» **Exercise goal**
Each entry should be duplicated verbatim; its pictures should not be.
Segment Start: Recorded information
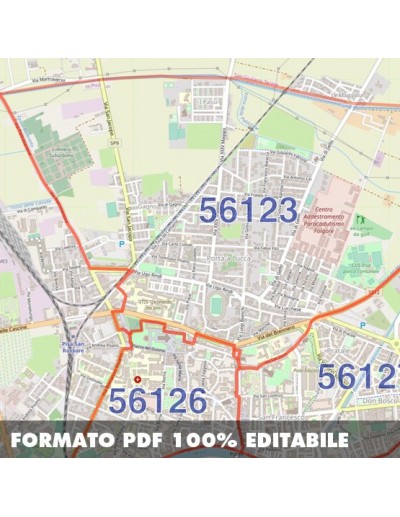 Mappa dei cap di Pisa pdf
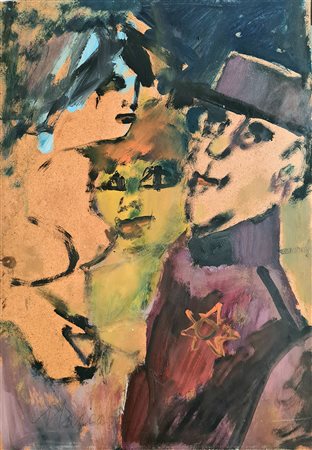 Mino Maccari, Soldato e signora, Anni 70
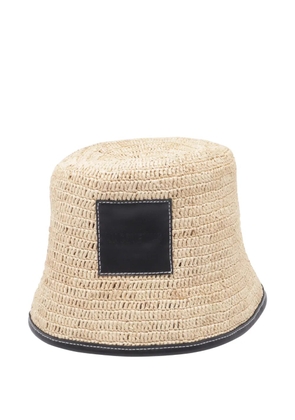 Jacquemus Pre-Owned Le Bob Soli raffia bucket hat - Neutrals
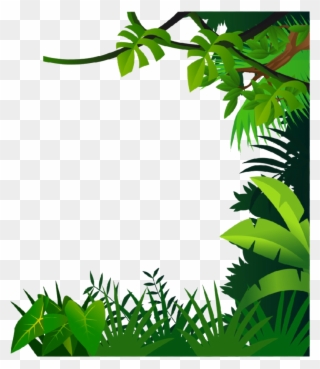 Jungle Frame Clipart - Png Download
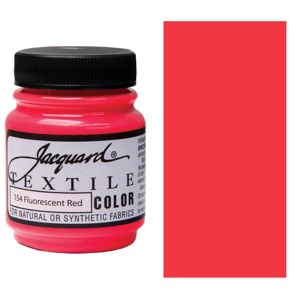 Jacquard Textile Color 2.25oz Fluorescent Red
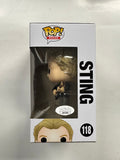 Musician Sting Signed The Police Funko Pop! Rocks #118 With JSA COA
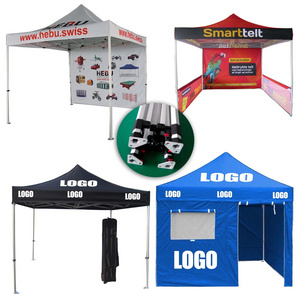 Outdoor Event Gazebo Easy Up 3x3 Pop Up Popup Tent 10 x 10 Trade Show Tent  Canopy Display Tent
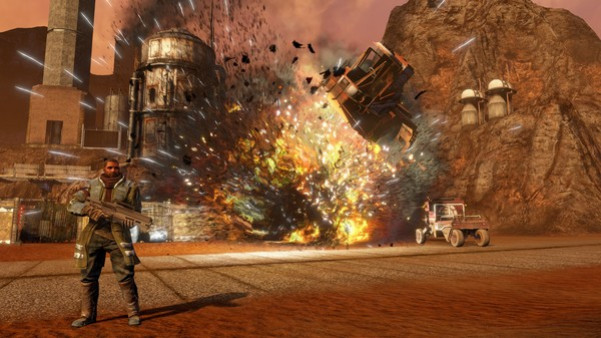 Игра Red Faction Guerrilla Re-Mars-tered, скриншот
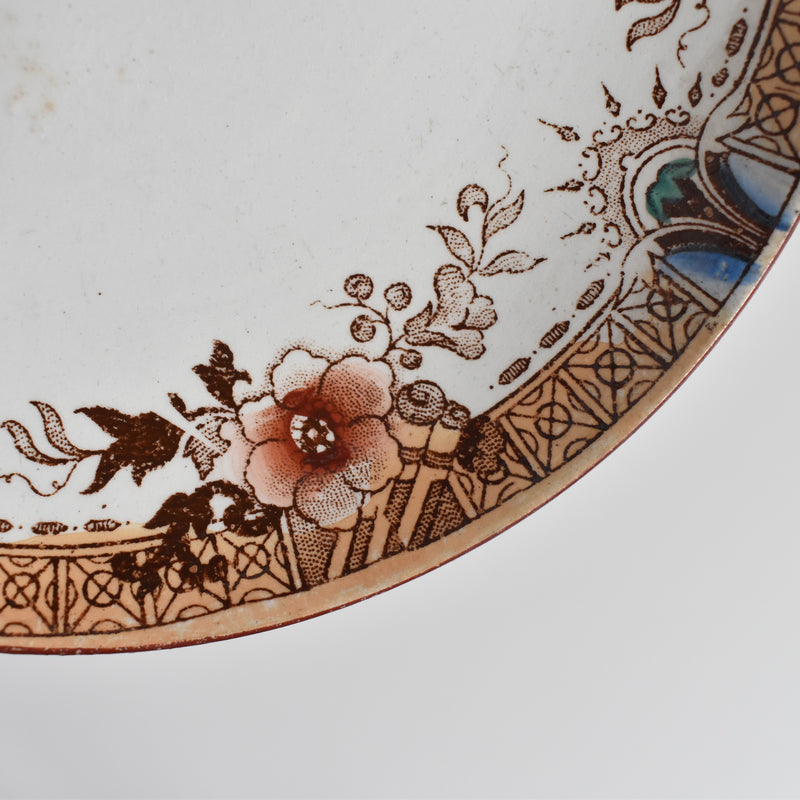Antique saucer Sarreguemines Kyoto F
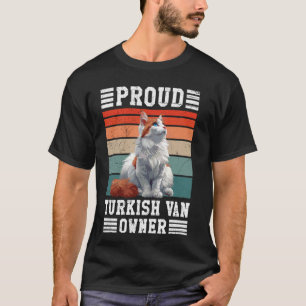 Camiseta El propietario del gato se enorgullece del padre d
Segment End: Recorded information
» **Finished exercise**
 Mappa dei cap di Pisa pdf
 Mino Maccari, Soldato e signora, Anni 70
 Jacquemus Pre-Owned Le Bob Soli raffia bucket hat - Neutrals
 Jungle Frame Clipart - Png Download
 Jacquard Textile Color 2.25oz Fluorescent Red
 Musician Sting Signed The Police Funko Pop! Rocks #118 With JSA COA
 Outdoor Event Gazebo Easy Up 3x3 Pop Up Popup Tent 10 x 10 Trade Show Tent  Canopy Display Tent
 Игра Red Faction Guerrilla Re-Mars-tered, скриншот
Antique saucer Sarreguemines Kyoto F
 Camiseta El propietario del gato se enorgullece del padre d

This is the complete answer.